Unraveling Responsiveness of Chained BFT Consensus with Network Delay
Yining Tang, Qihang Luo, Runchao Han, Jianyu Niu, Chen Feng, Yinqian Zhang
TL;DR
This work analyzes the responsiveness of chained BFT consensus under network delay by developing a unified Markov Decision Process framework that encompasses CHS, 2CHS, and FHS. It introduces two information-theoretic metrics, chain growth $G(\alpha)$ and commitment rate $R(\alpha)$, and uses the MDP to derive optimal adversarial attack strategies under varying Byzantine fractions $\alpha$. Theoretical results show that increasing $\alpha$ degrades both metrics, while responsiveness helps primarily at low $\alpha$ with diminishing returns as $\alpha\to 1/3$, with FHS generally outperforming the others. The authors validate the theory with experiments on an extended Bamboo platform, confirming robustness to network delay fluctuations and providing practical guidance for designing more robust and efficient chained BFT protocols.
Abstract
With the advancement of blockchain technology, chained Byzantine Fault Tolerant (BFT) protocols have been increasingly adopted in practical systems, making their performance a crucial aspect of the study. In this paper, we introduce a unified framework utilizing Markov Decision Processes (MDP) to model and assess the performance of three prominent chained BFT protocols. Our framework effectively captures complex adversarial behaviors, focusing on two key performance metrics: chain growth and commitment rate.
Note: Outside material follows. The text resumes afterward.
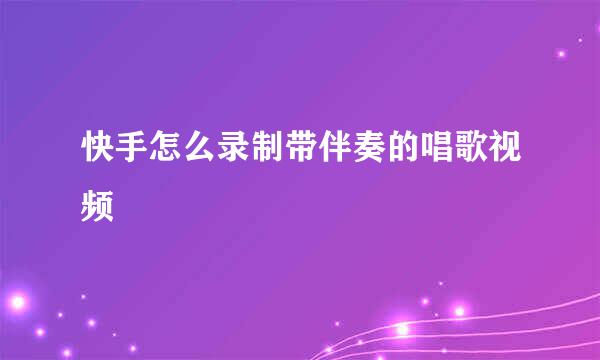 快手怎么录制带伴奏的唱歌视频
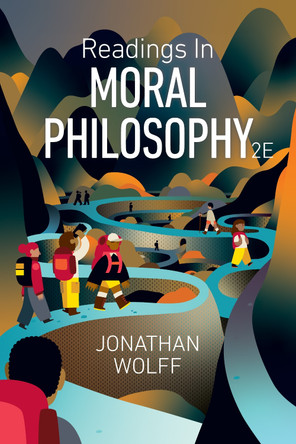 Readings in Moral Philosophy by Jonathan Wolff 9781324072546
We implement the optimal attack strategies obtained from MDP analysis on an existing evaluation platform for chained BFT protocols and conduct extensive experiments under various settings to validate our theoretical results. Through rigorous theoretical analysis and thorough practical experiments, we provide an in-depth evaluation of chained BFT protocols under diverse attack scenarios, uncovering optimal attack strategies. Contrary to conventional belief, our findings reveal that while responsiveness can enhance performance, it is not universally beneficial across all scenarios. This work not only deepens our understanding of chained BFT protocols, but also offers valuable insights and analytical tools that can inform the design of more robust and efficient protocols.